**What you will do:** Line by line, set down all the data below exactly, omitting any picture.

**Stored data:**
● ● ●

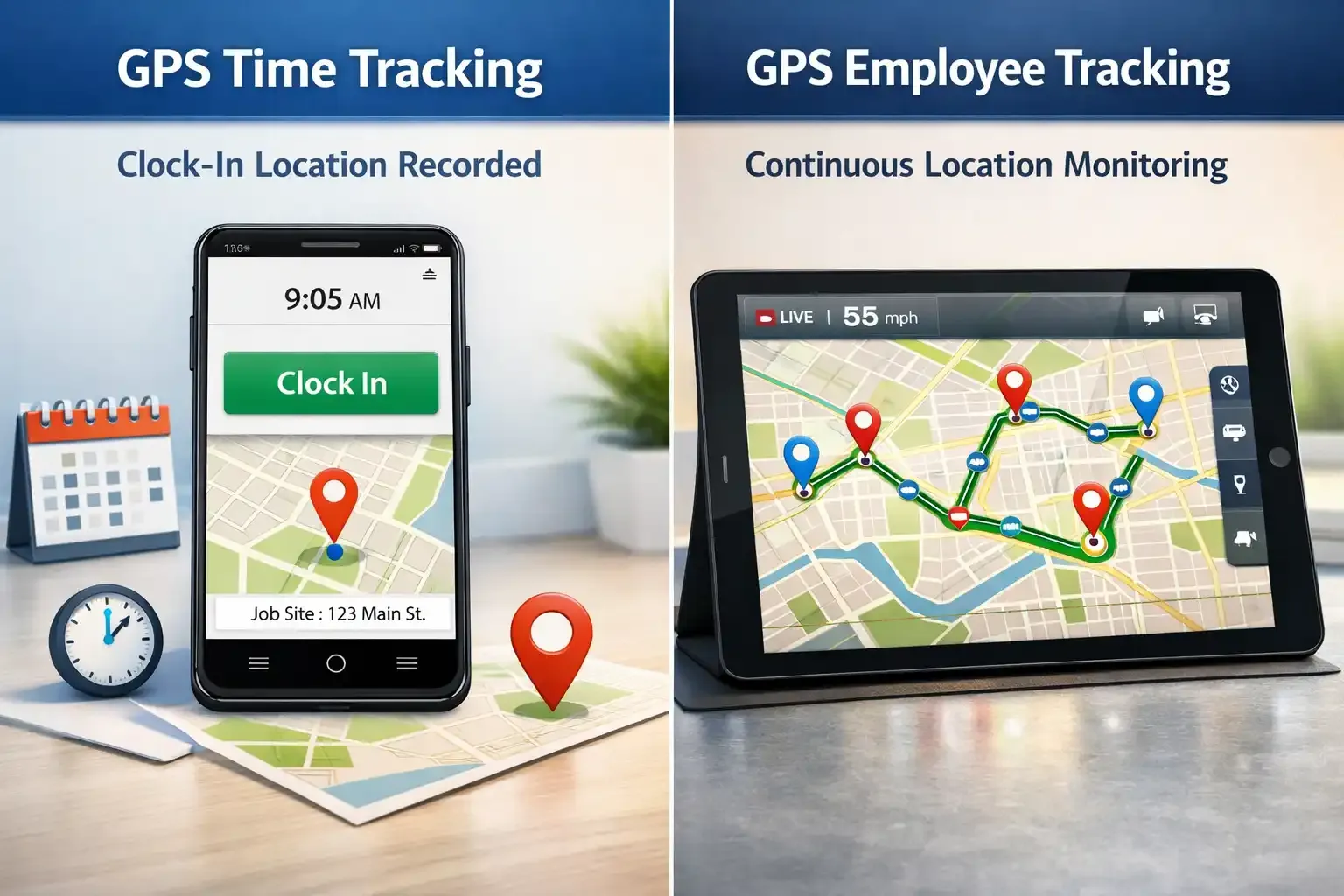 GPS time tracking vs GPS employee tracking dashboard comparison illustration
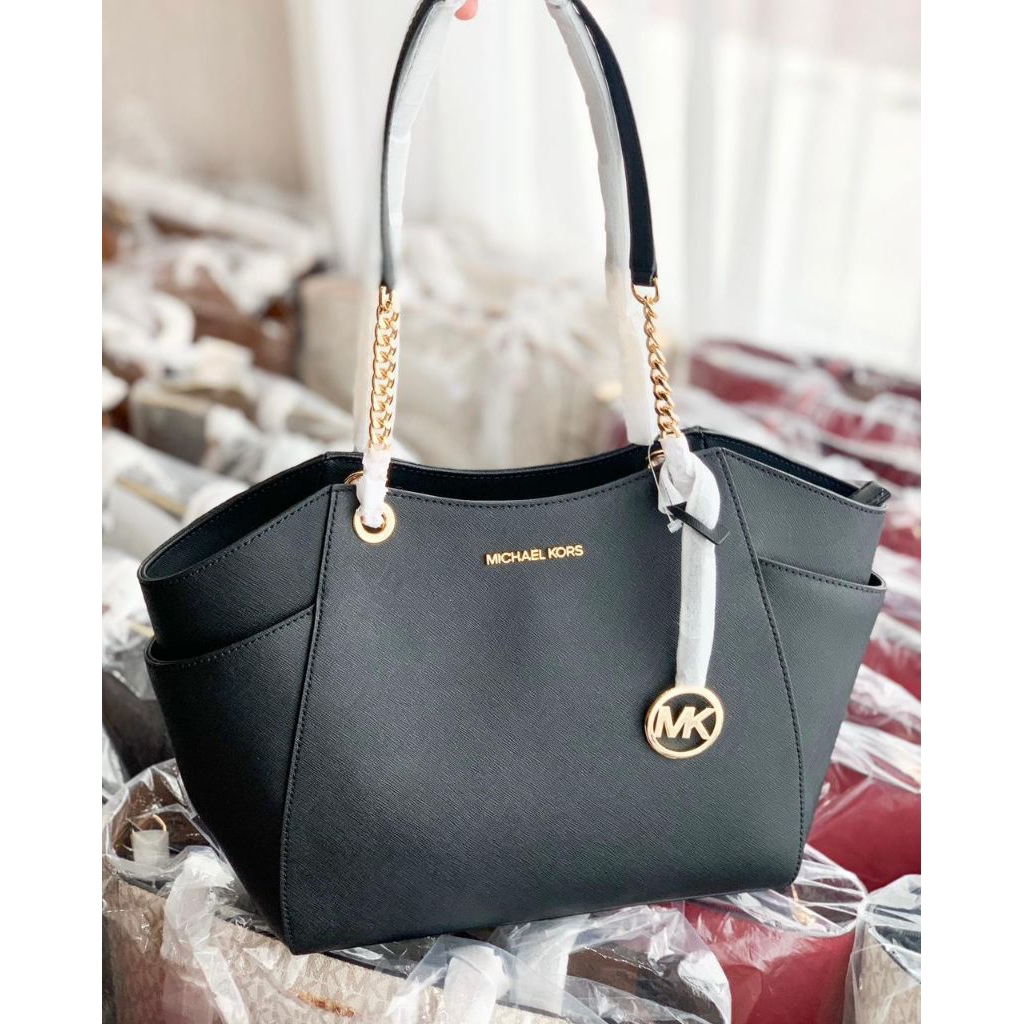 tasMk Jst Large Tote Chain Black n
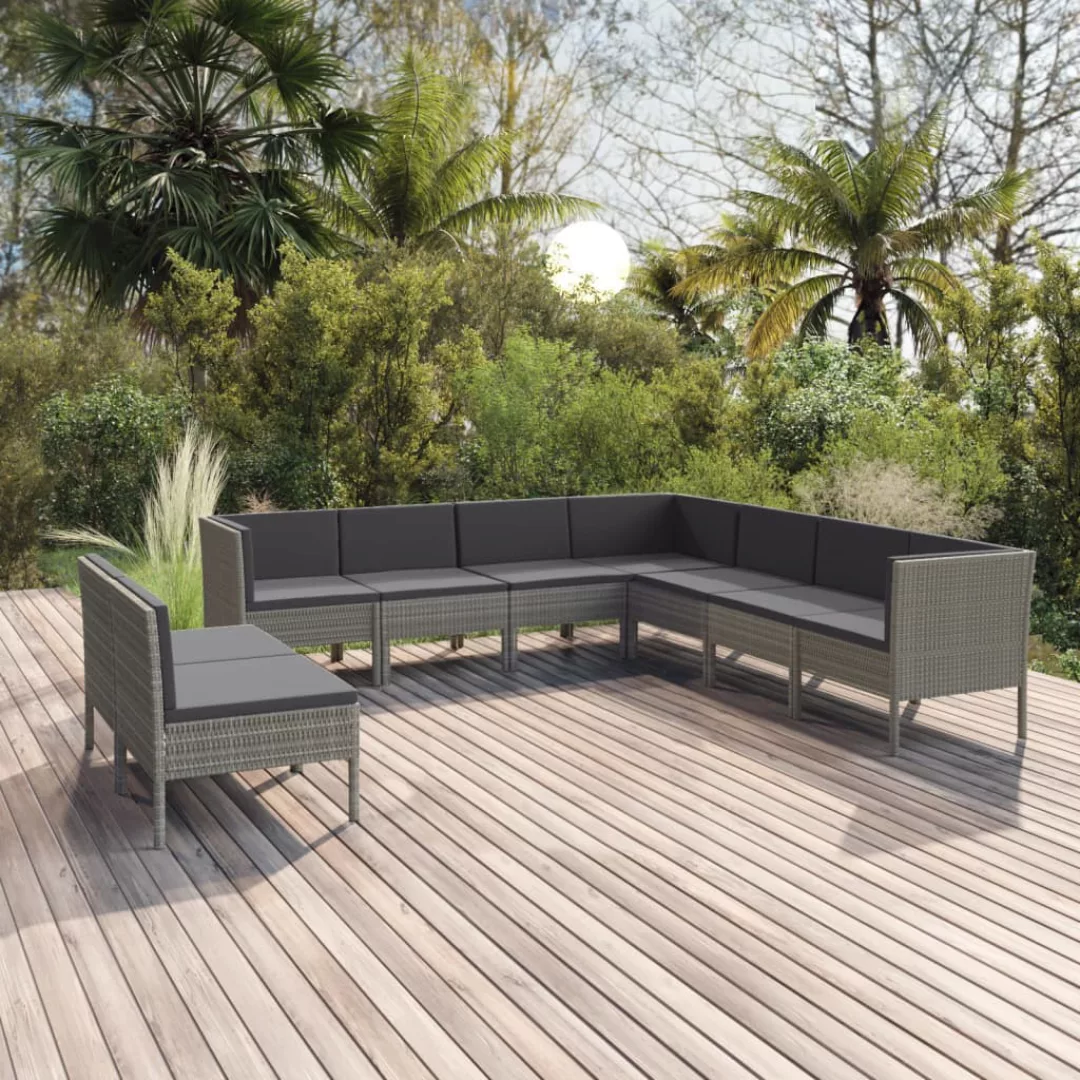 9-tlg. Garten-lounge-set Mit Auflagen Poly Rattan Grau günstig online kaufen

● ● ●

**Answer below:**
 GPS time tracking vs GPS employee tracking dashboard comparison illustration
 tasMk Jst Large Tote Chain Black n
 9-tlg. Garten-lounge-set Mit Auflagen Poly Rattan Grau günstig online kaufen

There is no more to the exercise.